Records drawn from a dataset
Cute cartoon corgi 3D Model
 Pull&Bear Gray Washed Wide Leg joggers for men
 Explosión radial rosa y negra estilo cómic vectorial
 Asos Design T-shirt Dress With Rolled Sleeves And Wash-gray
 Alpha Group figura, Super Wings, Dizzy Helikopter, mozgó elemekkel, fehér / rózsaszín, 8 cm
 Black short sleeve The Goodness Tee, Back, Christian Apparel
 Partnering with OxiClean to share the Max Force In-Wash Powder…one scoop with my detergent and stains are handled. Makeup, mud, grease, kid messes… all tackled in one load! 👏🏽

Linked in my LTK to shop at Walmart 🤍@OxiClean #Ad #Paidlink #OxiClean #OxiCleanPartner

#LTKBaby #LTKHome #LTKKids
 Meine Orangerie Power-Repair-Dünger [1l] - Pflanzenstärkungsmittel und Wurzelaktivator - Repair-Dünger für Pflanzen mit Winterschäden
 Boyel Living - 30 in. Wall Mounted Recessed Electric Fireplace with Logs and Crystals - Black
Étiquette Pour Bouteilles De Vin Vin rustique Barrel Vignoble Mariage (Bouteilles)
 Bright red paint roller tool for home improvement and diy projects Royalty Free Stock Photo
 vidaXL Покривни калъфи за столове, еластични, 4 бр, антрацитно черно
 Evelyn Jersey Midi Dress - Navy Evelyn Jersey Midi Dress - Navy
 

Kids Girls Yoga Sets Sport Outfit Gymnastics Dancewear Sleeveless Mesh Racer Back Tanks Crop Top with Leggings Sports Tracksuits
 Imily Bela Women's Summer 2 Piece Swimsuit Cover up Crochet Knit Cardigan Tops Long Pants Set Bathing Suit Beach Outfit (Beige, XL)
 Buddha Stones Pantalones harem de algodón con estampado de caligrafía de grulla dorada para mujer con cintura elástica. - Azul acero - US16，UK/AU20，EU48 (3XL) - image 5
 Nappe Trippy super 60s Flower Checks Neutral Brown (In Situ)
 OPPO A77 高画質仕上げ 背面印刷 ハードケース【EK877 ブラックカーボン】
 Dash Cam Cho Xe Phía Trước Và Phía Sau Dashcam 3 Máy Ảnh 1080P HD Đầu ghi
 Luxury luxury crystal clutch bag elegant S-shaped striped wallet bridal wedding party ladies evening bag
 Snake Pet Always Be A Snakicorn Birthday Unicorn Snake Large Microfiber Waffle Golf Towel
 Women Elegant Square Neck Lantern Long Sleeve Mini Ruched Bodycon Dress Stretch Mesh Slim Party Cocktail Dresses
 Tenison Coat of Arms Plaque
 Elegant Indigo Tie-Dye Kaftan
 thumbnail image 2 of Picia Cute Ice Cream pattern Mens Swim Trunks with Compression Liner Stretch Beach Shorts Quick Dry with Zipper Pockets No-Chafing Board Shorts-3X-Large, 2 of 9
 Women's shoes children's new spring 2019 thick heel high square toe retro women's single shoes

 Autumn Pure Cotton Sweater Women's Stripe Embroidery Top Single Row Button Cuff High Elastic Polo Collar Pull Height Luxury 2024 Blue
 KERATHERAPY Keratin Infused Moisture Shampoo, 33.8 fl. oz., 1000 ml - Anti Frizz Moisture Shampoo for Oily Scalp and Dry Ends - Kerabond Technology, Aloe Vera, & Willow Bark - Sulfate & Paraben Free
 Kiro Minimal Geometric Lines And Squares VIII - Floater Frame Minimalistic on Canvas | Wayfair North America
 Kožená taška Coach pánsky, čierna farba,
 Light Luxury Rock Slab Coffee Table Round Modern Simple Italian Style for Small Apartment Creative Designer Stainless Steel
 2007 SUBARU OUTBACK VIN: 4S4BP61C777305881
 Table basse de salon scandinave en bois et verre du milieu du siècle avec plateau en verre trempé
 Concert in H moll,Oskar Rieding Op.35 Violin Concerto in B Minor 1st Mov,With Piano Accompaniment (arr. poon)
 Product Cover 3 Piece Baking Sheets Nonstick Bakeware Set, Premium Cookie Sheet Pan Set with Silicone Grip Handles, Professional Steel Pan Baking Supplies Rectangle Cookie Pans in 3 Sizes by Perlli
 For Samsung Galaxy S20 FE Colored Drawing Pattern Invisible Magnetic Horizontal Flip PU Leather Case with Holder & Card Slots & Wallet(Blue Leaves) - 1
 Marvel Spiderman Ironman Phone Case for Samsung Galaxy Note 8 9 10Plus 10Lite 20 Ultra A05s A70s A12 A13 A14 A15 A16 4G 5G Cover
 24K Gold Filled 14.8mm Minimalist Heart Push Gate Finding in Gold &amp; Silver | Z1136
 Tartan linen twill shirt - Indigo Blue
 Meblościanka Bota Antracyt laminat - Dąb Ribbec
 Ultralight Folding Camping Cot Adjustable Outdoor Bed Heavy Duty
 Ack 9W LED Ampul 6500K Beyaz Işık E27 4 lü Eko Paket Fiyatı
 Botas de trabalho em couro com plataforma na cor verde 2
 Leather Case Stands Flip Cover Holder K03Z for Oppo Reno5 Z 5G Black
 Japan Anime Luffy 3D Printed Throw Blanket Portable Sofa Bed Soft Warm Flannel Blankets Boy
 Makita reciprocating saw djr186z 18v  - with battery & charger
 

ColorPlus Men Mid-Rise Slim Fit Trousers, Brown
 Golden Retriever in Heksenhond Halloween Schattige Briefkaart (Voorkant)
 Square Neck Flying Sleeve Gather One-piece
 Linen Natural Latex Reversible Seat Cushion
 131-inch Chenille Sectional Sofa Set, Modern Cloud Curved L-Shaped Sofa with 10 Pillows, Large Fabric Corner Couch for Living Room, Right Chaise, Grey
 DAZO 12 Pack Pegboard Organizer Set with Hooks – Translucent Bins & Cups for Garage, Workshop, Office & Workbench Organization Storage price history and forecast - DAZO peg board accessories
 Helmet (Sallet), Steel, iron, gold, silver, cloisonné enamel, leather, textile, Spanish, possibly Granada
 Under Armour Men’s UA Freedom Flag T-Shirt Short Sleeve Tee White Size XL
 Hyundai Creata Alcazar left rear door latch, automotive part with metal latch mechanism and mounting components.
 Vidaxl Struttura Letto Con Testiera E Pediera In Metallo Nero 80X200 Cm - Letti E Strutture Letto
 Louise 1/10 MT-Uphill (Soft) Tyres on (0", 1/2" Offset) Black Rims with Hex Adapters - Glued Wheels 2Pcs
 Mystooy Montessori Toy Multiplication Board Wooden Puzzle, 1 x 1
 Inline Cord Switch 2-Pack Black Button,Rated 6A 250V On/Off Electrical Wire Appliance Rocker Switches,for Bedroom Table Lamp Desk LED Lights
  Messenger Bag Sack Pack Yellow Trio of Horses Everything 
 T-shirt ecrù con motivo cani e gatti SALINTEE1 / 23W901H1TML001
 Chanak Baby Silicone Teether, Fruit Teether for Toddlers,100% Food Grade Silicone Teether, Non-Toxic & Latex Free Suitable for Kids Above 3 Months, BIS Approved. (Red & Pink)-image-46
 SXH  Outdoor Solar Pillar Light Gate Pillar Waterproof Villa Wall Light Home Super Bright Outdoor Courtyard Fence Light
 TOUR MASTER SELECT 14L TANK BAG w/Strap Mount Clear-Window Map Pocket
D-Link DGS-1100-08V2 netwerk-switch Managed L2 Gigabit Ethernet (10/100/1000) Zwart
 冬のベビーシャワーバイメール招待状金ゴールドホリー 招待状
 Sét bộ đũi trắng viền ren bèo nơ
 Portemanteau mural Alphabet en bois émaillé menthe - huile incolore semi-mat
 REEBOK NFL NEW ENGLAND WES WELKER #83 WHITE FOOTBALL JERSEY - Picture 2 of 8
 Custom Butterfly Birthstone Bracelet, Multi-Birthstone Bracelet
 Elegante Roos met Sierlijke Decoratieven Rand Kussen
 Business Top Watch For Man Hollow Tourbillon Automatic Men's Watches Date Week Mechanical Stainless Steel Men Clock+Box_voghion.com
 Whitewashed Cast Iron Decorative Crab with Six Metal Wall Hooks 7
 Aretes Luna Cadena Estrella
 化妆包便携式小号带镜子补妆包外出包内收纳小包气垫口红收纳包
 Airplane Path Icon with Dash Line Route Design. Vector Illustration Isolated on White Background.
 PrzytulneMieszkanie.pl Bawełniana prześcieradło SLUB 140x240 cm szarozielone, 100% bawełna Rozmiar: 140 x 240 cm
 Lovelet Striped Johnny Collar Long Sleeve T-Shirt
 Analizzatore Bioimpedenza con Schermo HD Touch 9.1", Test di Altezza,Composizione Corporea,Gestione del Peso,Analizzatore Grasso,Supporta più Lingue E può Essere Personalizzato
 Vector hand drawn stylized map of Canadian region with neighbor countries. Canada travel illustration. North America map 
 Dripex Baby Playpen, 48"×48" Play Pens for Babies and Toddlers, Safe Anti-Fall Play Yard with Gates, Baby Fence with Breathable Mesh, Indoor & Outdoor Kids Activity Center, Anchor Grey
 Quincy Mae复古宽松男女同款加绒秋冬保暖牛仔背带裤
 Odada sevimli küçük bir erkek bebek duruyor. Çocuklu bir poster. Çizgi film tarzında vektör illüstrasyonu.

Work to be completed
Return all lines in the data that include the word "Button".

Result of the task
 Autumn Pure Cotton Sweater Women's Stripe Embroidery Top Single Row Button Cuff High Elastic Polo Collar Pull Height Luxury 2024 Blue
 Inline Cord Switch 2-Pack Black Button,Rated 6A 250V On/Off Electrical Wire Appliance Rocker Switches,for Bedroom Table Lamp Desk LED Lights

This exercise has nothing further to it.